At last, Gordon talks sense

The Prime Minister weighed into the debate with a long-awaited moment of clarity — now we need to build on it, says Andrew Pring.

In all the extensive and exhaustive debate raging this week over minimum pricing, there was one phrase that really caught the ear and it came from the Prime Minister himself.

Turning down the idea, he said it was not a good way to tackle alcohol abuse "because we do not want the responsible sensible majority of moderate drinkers to suffer as a result of the excesses of a small minority."

Wow! Hosanna! Hurrah! That's a real Damascene moment, and one the pub trade has been waiting to hear from on high for a very long time. As we know to our cost, for years now, punitive measures have been piled on sensible and responsible pubs just so that a few rogue licensees or suppliers could be tackled. Thousands of licensees' lives have been made more difficult as a result of police and local authority clampdowns that should have been targeted at just a few pubs rather than everyone.

In the process, the pub trade's reputation has been besmirched intolerably — all because the Government chose to use a blunderbuss when it could have so much more sensibly used its existing powers to stamp out the trouble makers.

That phrase "the sensible majority of moderate drinkers" should be one we use time and time again to help the pub trade stave off further heavy-handed measures aimed at cracking down on the idiots who mis-sell alcohol.
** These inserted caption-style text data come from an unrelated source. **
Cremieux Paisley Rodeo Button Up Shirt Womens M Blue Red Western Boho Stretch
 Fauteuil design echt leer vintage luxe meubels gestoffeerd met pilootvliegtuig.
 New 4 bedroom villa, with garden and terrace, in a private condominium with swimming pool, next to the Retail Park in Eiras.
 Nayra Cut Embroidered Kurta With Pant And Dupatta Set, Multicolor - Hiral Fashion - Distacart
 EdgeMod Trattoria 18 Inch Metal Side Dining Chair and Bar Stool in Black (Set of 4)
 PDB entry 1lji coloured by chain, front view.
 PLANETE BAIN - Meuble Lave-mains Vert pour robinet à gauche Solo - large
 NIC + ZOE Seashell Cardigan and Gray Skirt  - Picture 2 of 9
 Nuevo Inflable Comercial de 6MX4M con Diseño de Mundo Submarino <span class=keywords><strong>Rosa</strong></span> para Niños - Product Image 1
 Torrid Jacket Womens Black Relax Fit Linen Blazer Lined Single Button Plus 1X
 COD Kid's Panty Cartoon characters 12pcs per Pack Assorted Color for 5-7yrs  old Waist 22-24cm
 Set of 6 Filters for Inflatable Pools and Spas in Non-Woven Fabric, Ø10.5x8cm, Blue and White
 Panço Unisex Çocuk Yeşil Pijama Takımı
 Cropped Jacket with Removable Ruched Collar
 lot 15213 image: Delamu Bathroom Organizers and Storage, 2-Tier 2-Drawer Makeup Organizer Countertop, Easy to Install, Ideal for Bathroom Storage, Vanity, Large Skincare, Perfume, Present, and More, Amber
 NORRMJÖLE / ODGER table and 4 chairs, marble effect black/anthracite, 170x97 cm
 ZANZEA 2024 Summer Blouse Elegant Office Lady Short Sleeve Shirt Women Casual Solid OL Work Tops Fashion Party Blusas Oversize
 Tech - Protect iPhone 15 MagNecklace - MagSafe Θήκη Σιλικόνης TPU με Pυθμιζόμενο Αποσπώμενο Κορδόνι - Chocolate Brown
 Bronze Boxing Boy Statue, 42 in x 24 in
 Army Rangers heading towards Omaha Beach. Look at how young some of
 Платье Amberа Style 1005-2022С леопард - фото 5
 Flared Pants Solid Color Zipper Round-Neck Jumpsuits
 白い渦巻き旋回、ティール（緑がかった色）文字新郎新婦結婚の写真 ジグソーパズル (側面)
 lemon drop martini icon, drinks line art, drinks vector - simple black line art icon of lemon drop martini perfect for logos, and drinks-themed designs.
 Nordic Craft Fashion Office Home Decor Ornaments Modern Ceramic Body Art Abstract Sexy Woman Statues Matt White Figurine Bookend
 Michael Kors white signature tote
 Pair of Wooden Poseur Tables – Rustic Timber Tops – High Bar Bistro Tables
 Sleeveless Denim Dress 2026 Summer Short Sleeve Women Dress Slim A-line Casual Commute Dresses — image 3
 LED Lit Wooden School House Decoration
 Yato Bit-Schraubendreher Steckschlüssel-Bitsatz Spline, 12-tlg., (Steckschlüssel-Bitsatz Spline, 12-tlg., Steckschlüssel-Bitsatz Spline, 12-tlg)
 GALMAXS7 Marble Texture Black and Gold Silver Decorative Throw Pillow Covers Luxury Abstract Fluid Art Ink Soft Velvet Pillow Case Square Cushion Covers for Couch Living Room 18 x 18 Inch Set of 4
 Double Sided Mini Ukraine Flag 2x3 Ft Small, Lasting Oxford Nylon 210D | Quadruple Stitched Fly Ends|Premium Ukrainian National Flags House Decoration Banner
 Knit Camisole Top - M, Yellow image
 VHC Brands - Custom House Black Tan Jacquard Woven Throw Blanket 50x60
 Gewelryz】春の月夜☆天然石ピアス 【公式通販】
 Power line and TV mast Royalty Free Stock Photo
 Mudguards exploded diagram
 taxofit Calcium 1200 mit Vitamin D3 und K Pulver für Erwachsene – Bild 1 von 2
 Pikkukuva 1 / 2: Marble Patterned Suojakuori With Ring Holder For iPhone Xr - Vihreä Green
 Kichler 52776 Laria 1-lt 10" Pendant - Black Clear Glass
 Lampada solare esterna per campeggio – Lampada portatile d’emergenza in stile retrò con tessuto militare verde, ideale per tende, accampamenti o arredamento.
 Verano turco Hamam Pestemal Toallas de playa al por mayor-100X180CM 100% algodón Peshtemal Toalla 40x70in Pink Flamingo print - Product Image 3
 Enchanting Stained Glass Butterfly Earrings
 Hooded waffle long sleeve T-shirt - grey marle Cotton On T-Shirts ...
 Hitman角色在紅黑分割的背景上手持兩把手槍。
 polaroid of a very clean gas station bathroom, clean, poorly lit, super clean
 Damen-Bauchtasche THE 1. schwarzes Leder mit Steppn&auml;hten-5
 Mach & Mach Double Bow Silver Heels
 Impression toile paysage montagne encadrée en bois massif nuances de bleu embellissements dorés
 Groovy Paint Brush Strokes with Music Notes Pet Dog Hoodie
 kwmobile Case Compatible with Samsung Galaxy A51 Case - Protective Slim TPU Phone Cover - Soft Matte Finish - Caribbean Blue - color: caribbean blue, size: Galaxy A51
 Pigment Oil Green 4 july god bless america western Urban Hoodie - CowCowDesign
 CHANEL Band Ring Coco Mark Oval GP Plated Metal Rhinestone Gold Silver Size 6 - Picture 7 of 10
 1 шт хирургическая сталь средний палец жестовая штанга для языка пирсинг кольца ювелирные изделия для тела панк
Brown was right to think that way when it came to minimum pricing because the idea itself is potentially dangerous for pubs. Not now, perhaps, but in a few years time, when Government will be tempted to raise the 50p-a-unit levy to 60p or eventually a pound — and then it will start to hit pubs.

Yes, the problem of supermarket pricing needs to be tackled — but offering a hostage to fortune by letting Government dictate prices smacks of dangerous state control of the drinks sector. We want less political interference, not more.

Far better to force Government to consider a way round the EC's ban on differing Vat rates for alcohol. A reduced duty rate for draught beer would clearly benefit pubs. And so would reduced Vat for on-trade sales. Furthermore, a zero duty rate for lower strength products would stimulate the market for this style of beer.

The British Beer & Pub Association has made these points to the Treasury, and we all need to keep up the pressure in the countdown to Budget Day on 22 April. The 3.2% fall in alcohol consumption last year shows we are not the hard-drinking nation of tabloid myth. And that higher taxes are no answer to binge drinking.